An EOR is based in Portugal and employs workers who also reside in Portugal. The client—the actual employer—is a public limited company (NV) based in Belgium. The workers physically perform their duties in the Netherlands, on a project for the Belgian NV, and stay there for fewer than 183 days in a 12-month period.

Does the Netherlands have the right to tax the wages of these employees? The answer requires an understanding of Article 15 of the OECD Model Tax Convention (OECD MTC).

Article 15 of the OECD Model Tax Convention: the System

Paragraphs 1 and 2: general rule and exception
Article 15, paragraph 1, of the OECD Model Convention assigns the right of taxation to the State of residence, unless the work is actually performed in another State. In the example above, the Netherlands therefore has the right of taxation in principle.

Article 15(2) of the OECD Model Convention provides for an exception. The remuneration remains taxable exclusively in the employee’s country of residence only if all three conditions are met. (2)

a. The employee does not stay in the state of employment for more than 183 days in any calendar year, tax year, or a 12-month period, depending on the relevant tax treaty;
b. The remuneration is paid by or on behalf of an employer who is not a resident of the state of employment; and
c. The remuneration is not borne by a permanent establishment that the employer has in the state of employment.

The burden of proof rests with the taxpayer. If even one condition is not met, the state of employment has the right to tax.

The rationale: the interplay between deduction and taxation
Subparagraphs (b) and (c) of paragraph 2 share the same objective. The OECD commentary on Article 15 states this as follows:

"The objectives and purpose of subparagraphs 2(b) and (c) are to prevent the taxation at source of income from short-term employment to the extent that such income is not allowed as a deductible expense in the source State because the employer is not subject to tax in that State, as he is neither a resident nor has a permanent establishment there."

The principle is clear: the state of employment may tax wages if the employer is subject to income tax in that state—either as a resident or through a permanent establishment—and can claim the wage costs as a deduction there. There is a direct correlation: the state of employment that accepts payroll costs as a deductible expense may include the employee’s wages in its tax base, and vice versa. (3)

The employer under the agreement: formal or substantive?

The practical interpretation of
In an EOR structure, the question immediately arises as to who qualifies as the employer within the meaning of Article 15(2): the EOR (the formal employer) or the client (who exercises the actual authority)?

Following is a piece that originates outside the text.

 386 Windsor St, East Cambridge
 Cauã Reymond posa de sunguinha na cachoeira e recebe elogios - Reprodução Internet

In 2006, the Supreme Court ruled that the term “employer” in subparagraph (b) requires an economic-substantive interpretation for the purposes of Article 15(2)(b). (4) A user company qualifies as the substantive employer, the treaty employer, if:
‐ the employee is in a relationship of authority with the user; and
‐ the work is performed at the user’s expense and risk; and
‐ the costs for this work are billed in a specifically individualized manner.

In an EOR structure, the client is therefore the contractual employer, not the EOR.

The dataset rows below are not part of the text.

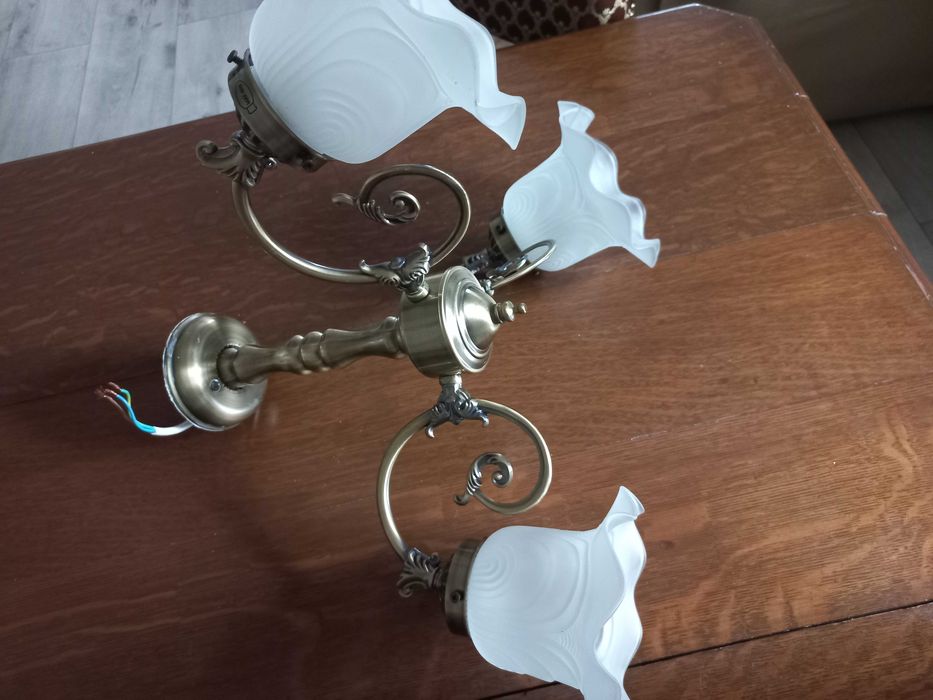 piękny wiszący  żyrandol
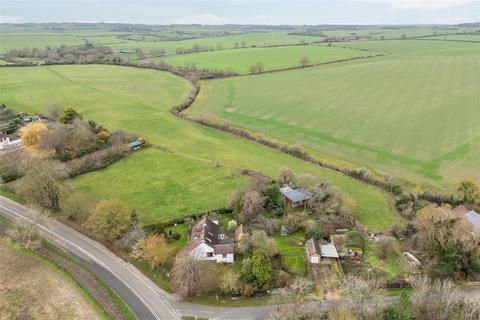 5 bedroom detached house for sale, Bedford Road, Stagsden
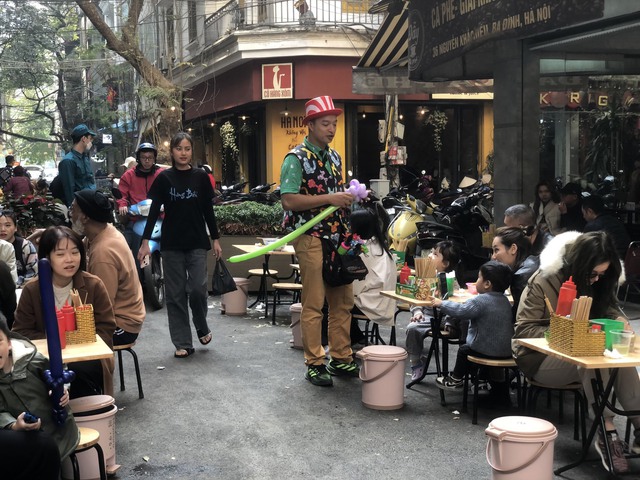 Tuyến phố ẩm thực kết hợp đi bộ thứ 2 của Hà Nội tấp nập người dân, du khách dịp cuối tuần - Ảnh 2.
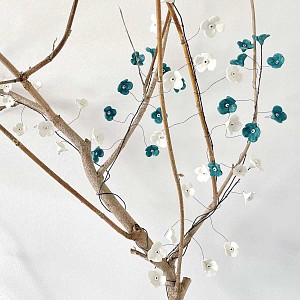 Fleurs de porcelaine sur branche en acier - 45cm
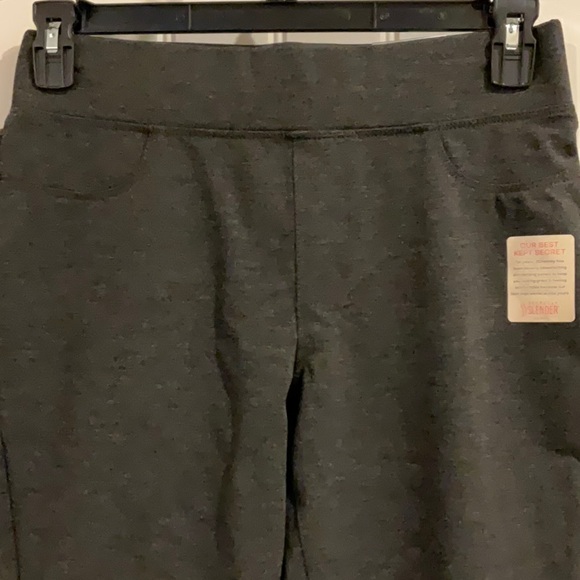 NWT St John’s Bay Secretly Slender comfort stretch legging. - Picture 2 of 7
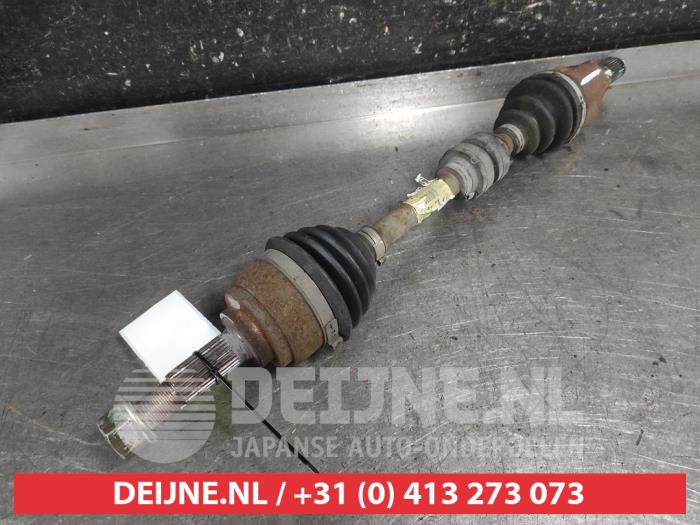 Gebruikte Aandrijfas links-voor Nissan Micra (K13) 1.2 12V DIG-S Prijs € 65,00 Margeregeling aangeboden door V.Deijne Jap.Auto-onderdelen BV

The same explanation applies to both subparagraph (b) and subparagraph (c)
In November 2025, the Court of Appeal in 's-Hertogenbosch confirmed that the substantive definition of "employer" also applies to subparagraph (c). Both subparagraphs serve the same purpose, and the term "employer" in subparagraph (c) has the same meaning as in subparagraph (b).

The interested party argued that the Supreme Court’s ruling of November 23, 2007, did not apply to the present case. The Court of Appeal rejected that defense: although the 2007 precedent concerned a binational case—with a principal place of business and a permanent establishment in two states—whereas three jurisdictions are at issue here, that distinction does not affect the applicability of the substantive concept of employer. The sole determining factor is whether the remuneration is functionally attributable to the permanent establishment under Article 7 of the Convention.

Two regimes: before and after July 22, 2010
The current Dutch policy framework — effective as of January 1, 2024 — makes an explicit distinction based on the Supreme Court’s ruling of October 14, 2022 (5) and the Decision of the State Secretary for Finance of December 15, 2023 (6) . Which regime applies depends on the date on which the treaty was concluded (i.e., signed).

Type of treaty Assessment criterion OECD Commentary 2010
Concluded before July 22, 2010 Hierarchical relationship and working at one’s own risk and expense: cumulative Not relevant
Closed as of July 22, 2010 Authority relationships and the passing on of labor costs: two factors within a broader context A major source of interpretation

The dynamic method and its limitations
n the Netherlands applies the dynamic method when interpreting tax treaties. This method holds that post-treaty commentary intended to provide clarification or precision also applies to treaties concluded before the amendment of that commentary. However, the Supreme Court ruled that the OECD commentary amended in 2010 cannot be regarded as a clarification or elaboration, but rather constitutes a substantive expansion of the interpretive framework. 8 Due to the limited dynamic application, this commentary therefore plays no role in the interpretation of treaties concluded prior to July 22, 2010.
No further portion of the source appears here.